We released this as a way to make it easier to get started with LLM applications. Specifically, we've heard that when people were using chains/agents they often wanted to see what exactly was going on inside, or change it in someway. This basically moves the logic for chains and agents into these templates (including prompts) - which are just python files you can run as part of your application - making it much easier to modify or change those in some ways.
Happy to answer any questions, and very open to feedback!
I certainly agree, but I'm having trouble seeing how templates help with this. The templates appear to be a consolidation of examples like those that were already emphasized in the current documentation. This is nice to have, but what does it do to elucidate the inner workings?
LangChain gets a lot of pushback in production scenarios, but think going through some of their tutorials is a very reasonable way to get learning more about how you could apply gen AI for various use-cases.
There it is! Why have one level of lock-in when you can have two?

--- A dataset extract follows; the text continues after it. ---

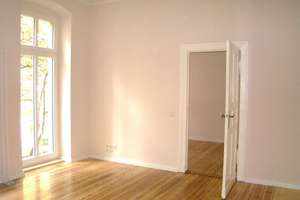 ruhig, grün, zentral, Westbalkon-hochwertig sanierter Altbau mit Wohnküche u. großem Bad! von privat – Die vollständige Adresse der Immobilie erhältst du vom Anbieter., 10557 Moabit, Berlin – Vorschaubild 4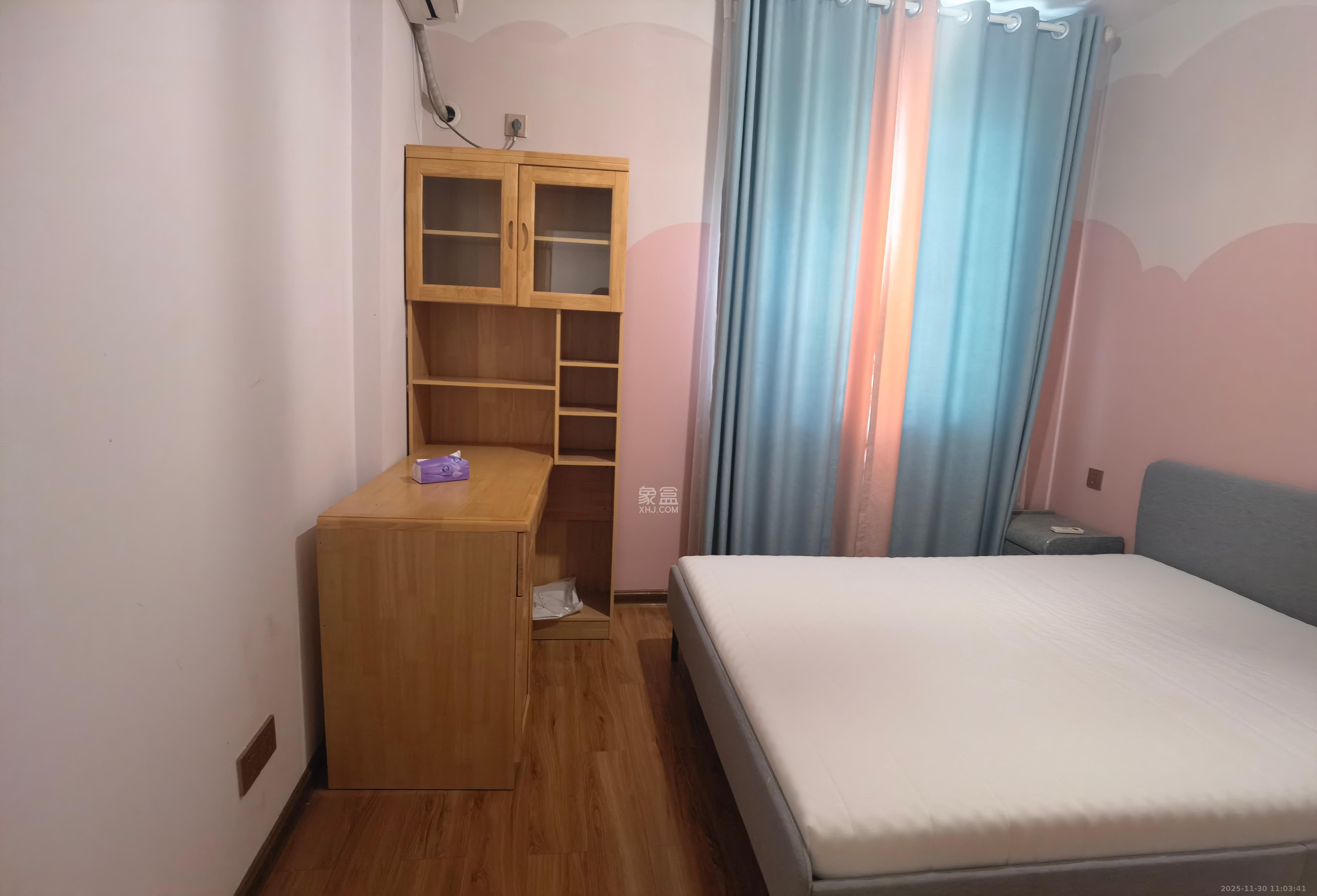 中信凯旋城(中信新城四期) 3室2厅1卫 2100.0元/月 中信凯旋城(中信新城四期) 3室2厅1卫 2100.0元/月室内图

I won’t defend a lot of the tech choices that have been made, but the “free” tooling (LangSmith), integrations, and modicum of cross-model compatibility are worth it to me.
I personally used it in an alpha-quality production app too and it was fine at first, but I found out after a month of hacking, it didn't work for the business needs for the reasons stated above.
Said free tooling just increases lock-in which is not ideal for any complex software project.
1. This domain is moving very fast
2. Creating a wrapper around a fast-moving domain is difficult, lots of thrash on design patterns
3. Langchain's out of the box examples have undoubtedly made it easier to grok LLM patterns
That being said -- this article is about building a production-ready LLM app, and currently I strictly treat Langchain as a learning aide.
Ultimately I'm glad Langchain exists, and I hope to see Harrison et. al. bring more improvements to the underlying abstractions. Possibly with a more functional inspiration?
Some valid criticisms: (1) the learning curve is steep (2) the APIs and docs are volatile (though to be expected).
This reminds me of the old Django vs Flask debate. Sure, Flask is easy to get started with, but over time you end up building an undocumented, untested Django.